● **EXERCISE DETAILS**
Output exactly the lines below, starting with the line that has "Osavi Enzymes digestives" and going on through the line that has "1 Meter PVC", both included, and no other lines.

◇ ◇ ◇

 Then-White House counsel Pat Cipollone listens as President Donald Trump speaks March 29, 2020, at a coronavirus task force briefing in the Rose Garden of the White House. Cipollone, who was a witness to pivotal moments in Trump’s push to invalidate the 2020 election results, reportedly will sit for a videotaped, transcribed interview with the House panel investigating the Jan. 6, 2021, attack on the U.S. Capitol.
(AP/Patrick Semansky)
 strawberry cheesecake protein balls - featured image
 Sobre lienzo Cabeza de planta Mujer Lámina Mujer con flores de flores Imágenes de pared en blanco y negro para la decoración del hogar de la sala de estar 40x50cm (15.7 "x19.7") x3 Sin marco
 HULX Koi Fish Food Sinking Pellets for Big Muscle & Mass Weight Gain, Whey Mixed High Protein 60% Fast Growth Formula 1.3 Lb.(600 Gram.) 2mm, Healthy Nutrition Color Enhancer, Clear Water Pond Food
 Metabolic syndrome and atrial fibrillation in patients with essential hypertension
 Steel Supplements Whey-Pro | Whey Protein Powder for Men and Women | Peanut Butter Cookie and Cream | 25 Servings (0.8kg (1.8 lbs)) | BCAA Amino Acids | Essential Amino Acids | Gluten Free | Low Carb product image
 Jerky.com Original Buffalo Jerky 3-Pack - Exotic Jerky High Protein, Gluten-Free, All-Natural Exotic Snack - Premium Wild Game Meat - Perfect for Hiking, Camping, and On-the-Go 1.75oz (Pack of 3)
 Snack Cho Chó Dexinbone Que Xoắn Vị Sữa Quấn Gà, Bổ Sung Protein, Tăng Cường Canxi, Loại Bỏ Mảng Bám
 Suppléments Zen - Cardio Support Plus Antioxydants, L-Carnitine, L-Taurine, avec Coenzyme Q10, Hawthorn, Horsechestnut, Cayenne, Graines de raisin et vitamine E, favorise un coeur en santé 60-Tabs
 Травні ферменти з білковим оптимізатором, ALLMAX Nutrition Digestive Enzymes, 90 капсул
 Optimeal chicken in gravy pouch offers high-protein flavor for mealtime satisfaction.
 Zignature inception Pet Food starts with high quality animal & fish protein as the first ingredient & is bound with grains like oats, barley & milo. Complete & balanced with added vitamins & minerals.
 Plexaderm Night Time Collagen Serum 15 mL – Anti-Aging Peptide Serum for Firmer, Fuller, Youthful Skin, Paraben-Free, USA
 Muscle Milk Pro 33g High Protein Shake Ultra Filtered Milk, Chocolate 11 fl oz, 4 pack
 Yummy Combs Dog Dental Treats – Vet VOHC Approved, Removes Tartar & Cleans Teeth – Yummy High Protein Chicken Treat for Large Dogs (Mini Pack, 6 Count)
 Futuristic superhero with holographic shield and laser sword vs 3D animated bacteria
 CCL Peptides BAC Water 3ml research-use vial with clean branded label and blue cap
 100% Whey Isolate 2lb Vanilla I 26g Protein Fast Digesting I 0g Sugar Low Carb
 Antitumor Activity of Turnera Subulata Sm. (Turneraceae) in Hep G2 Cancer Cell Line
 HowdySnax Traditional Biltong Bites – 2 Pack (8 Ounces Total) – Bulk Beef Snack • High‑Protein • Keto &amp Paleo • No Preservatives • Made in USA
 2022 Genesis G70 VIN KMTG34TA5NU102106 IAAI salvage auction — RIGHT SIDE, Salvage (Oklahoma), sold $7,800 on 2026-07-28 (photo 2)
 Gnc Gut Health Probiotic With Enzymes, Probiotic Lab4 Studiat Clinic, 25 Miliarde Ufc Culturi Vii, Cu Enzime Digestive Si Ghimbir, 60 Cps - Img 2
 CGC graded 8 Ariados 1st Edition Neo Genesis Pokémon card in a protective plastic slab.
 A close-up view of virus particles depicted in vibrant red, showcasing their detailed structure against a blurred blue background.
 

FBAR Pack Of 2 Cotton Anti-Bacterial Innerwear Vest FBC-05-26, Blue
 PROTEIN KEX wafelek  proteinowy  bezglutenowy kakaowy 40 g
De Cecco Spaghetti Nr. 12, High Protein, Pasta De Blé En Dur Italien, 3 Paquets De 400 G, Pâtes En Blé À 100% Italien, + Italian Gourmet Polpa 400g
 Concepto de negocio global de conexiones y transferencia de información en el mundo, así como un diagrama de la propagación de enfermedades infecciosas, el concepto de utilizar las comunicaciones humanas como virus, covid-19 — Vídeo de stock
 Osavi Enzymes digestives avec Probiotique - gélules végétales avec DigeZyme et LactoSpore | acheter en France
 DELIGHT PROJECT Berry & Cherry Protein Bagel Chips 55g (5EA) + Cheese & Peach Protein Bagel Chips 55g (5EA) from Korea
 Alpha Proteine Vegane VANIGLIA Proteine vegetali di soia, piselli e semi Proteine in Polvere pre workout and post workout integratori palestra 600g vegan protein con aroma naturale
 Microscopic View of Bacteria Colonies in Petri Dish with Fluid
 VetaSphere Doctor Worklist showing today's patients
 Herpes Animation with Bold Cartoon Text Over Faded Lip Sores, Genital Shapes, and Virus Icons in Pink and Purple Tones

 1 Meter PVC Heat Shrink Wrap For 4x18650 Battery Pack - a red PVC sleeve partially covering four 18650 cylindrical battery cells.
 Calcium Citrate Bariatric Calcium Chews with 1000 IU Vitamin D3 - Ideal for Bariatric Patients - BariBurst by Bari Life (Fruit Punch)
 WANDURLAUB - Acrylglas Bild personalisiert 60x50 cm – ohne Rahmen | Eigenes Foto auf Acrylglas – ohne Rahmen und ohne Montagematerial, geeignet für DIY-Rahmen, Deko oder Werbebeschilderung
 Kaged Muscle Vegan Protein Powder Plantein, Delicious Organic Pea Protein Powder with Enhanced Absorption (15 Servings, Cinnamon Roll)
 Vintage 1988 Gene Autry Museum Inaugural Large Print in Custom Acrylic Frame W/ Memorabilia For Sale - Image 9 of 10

◇ ◇ ◇

● **RESULT**
 Osavi Enzymes digestives avec Probiotique - gélules végétales avec DigeZyme et LactoSpore | acheter en France
 DELIGHT PROJECT Berry & Cherry Protein Bagel Chips 55g (5EA) + Cheese & Peach Protein Bagel Chips 55g (5EA) from Korea
 Alpha Proteine Vegane VANIGLIA Proteine vegetali di soia, piselli e semi Proteine in Polvere pre workout and post workout integratori palestra 600g vegan protein con aroma naturale
 Microscopic View of Bacteria Colonies in Petri Dish with Fluid
 VetaSphere Doctor Worklist showing today's patients
 Herpes Animation with Bold Cartoon Text Over Faded Lip Sores, Genital Shapes, and Virus Icons in Pink and Purple Tones

 1 Meter PVC Heat Shrink Wrap For 4x18650 Battery Pack - a red PVC sleeve partially covering four 18650 cylindrical battery cells.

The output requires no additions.